Another example from this morning is train 406 / 408.
406 struck an auto at a crossing and was taken out of service. It disappeared from the API long before it disappeared from the legacy feed, but that's OK because it was out of service. (I still would expect it to be in the vehiclesByRoutes calls for as long as it was also showing in the legacy feed however.)
Train 408 however never went out of service. It held at Belmont for roughly 1 hour before moving up beside 406 to take on those passengers, then finished its trip. When it reached Porter the legacy feed was reporting 60 minutes late. In spite of never being taken out of service, 408 disappeared from the API around 9AM while it was waiting at Belmont.

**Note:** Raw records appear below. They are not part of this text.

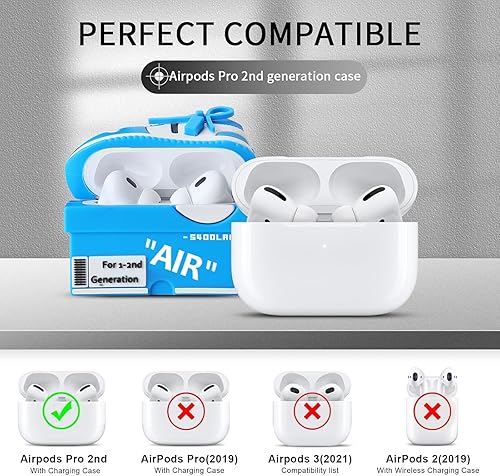 Miniatura 4 de Funda para Apple Airpods Pro, bonita caja de zapatos de dibujos animados, fundas protectoras de silicona suave para AirPods Pro de 1 generación con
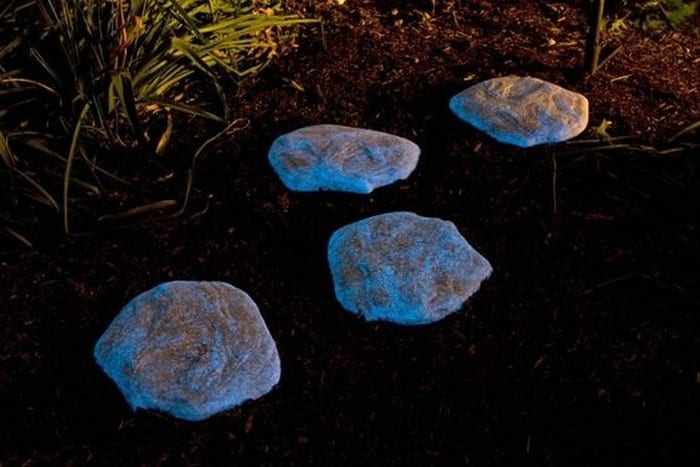 Glow in the dark stepping stones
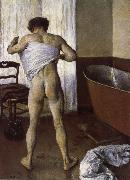 Gustave Caillebotte The man in the bath France oil painting artist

Obviously in this example the only passengers impacted by the lack of train 408 data were waiting at Porter to go to North Station, or waiting at North Station to meet an arriving passenger (both are typically small head-counts) but what if instead it had been an outbound train? or an inbound train early in the trip? It appears that after no movement of X minutes a train is completely dropped from the API never to return - even if it resumes its trip after that X minute period.
(X seems to be roughly in the range of 20 to 30 minutes.)
I feel strongly that in exceptional cases where a train is delayed for a significant amount of time it is even more important to provide data on it - at least a minimum of all the data points included in the vehiclesByRoutes returns.